Of course, many of these exact same characters appear in both Marvel and DC comics by nature of their being public domain, complicating this analogy. But I’m less interested in that, and more interested in the parallels between the old gods and the new. DC in particular seems to have always had an ongoing fixation with building their own pantheon of god-like heroes, with Superman obviously serving as their Zeus, Wonder Woman as Hera, Batman as Hades, Aquaman as Poseidon, the Flash as Hermes, and so on. They couldn’t have been more obvious if they tried.
The Relatability Question
But therein lies a small problem, and it’s what I suspect makes the DC characters a little harder to relate to than their Marvel counterparts: drawing a barrier of relatability between the reader and the character. It’s probably why we saw so little of Captain Marvel in Avengers: Endgame; She’s so powerful that it throws everything out of balance. At least the Greek gods were family by blood, and that’s where a lot of the more relatable drama came from in those stories. The primary heroes of the DC universe are not even that; in fact, their families are usually dead, nonexistent, never mentioned, or at the very least frequently retconned.
For example, Superman’s idea of what it means to be a human is basically this:
SUPERMAN: “Well, hey there fellow newspapermen and newspaperladies, it’s me, your ol’ pal Clark Kent, local dimwit, noted coward and dunce reporter…”
Superman spills coffee on himself.
SUPERMAN: “Derp! I spilled coffee on myself because I’m so stupid and weak that I can’t even consume the thing I require to make it through my boring, useless day without bungling it. Wow! Being a human is sure dumb!”

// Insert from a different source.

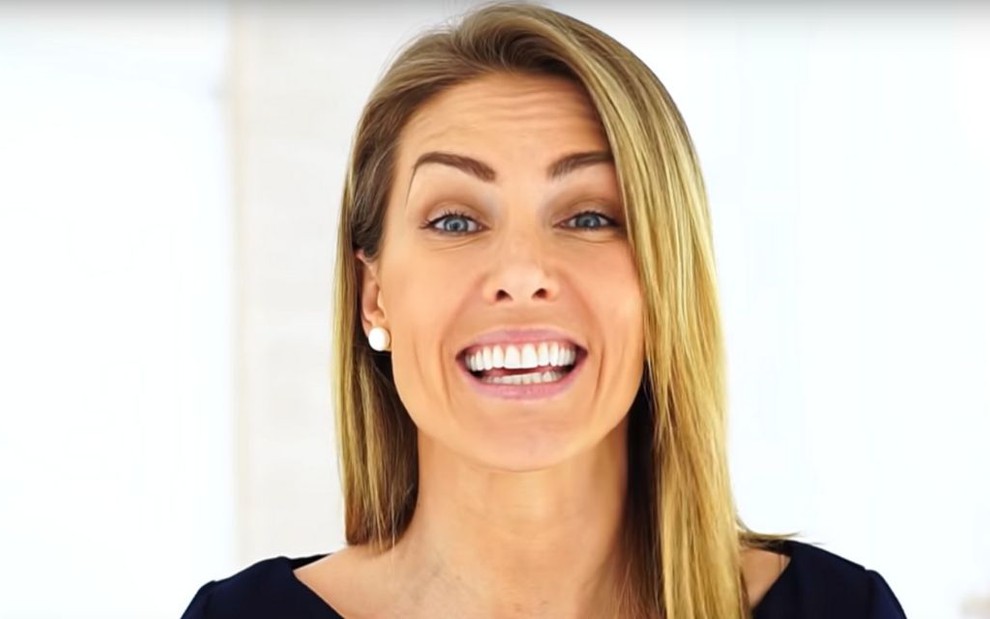 A apresentadora Ana Hickmann sorrindo, com fundo branco, em vídeo para seu canal do YouTube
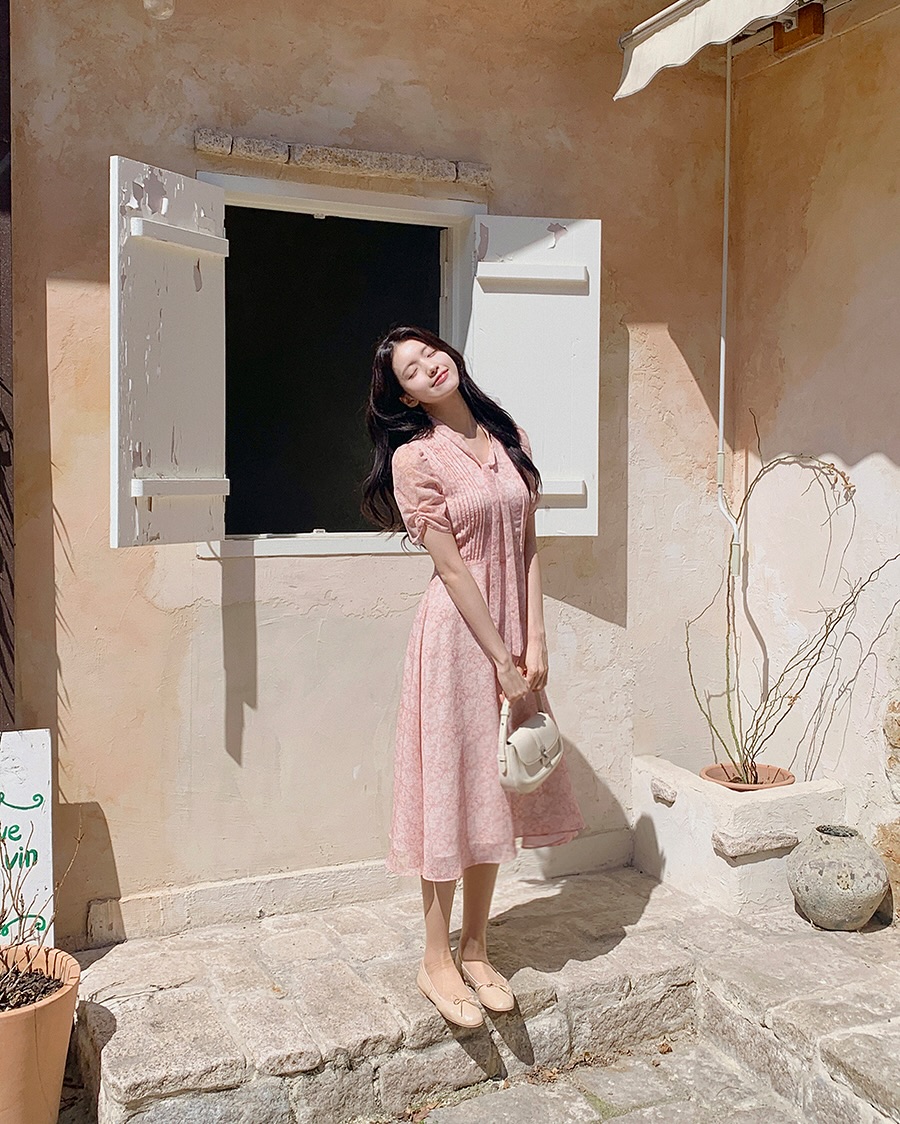 Sơ mi xanh nhạt ngày hè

Everyone loves Wonder Woman right now because she’s an ass-kicking character that had a pretty great stand-alone movie, but can you imagine knowing someone like her in real life? She’s basically never had a job, never paid rent, and is essentially a princess with a Type-A work ethic. Like imagine the most wealthy person you have ever met and then imagine they’re also really into crossfit. I’ll bet Wonder Woman can’t go an hour without bringing up her combat training regiment.
Batman’s no better. Batman is pretty much a trust fund boomer going around kicking the s#!t out of poor young people in his pajamas at night because he’s sad. And this is beside the point, but I’m pretty sure everyone knows he’s Bruce Wayne, but don’t want to say anything because they feel bad for him. It was probably kinda cute to play along when he was a mentally deranged but well-meaning 20-year-old; less so in his forties and with what I have to assume is the entire economy of Gotham riding on the razor’s edge of the dude’s sanity.
All this to say, there’s some really interesting stuff going on there, and I think there’s merit to examining it further. But it’s this unrelatable element that has always driven me to be more of a Marvel guy, and might explain why they seem to have more universal appeal at the box office. The thing that really stands out about a lot of the Marvel characters is that, as unbelievable as the powers and the stories always are, the characters themselves and their alter egos always felt more relatable, like someone you could genuinely imagine existing in real life.
For example: Superman and Spider-Man both have a similar “with great power comes great responsibility” theme. Superman, however, is more focused on the “power” where Spider-Man is focused on the “responsibility” part. There are not usually any meaningful repercussions for Superman being involved with something or not. The classic interpretation of Superman acts because it’s easy, and out of a sense of duty ingrained by a 1950s-era set of ethics. He can’t really be harmed or die and he spends most of his time with other superpowered beings.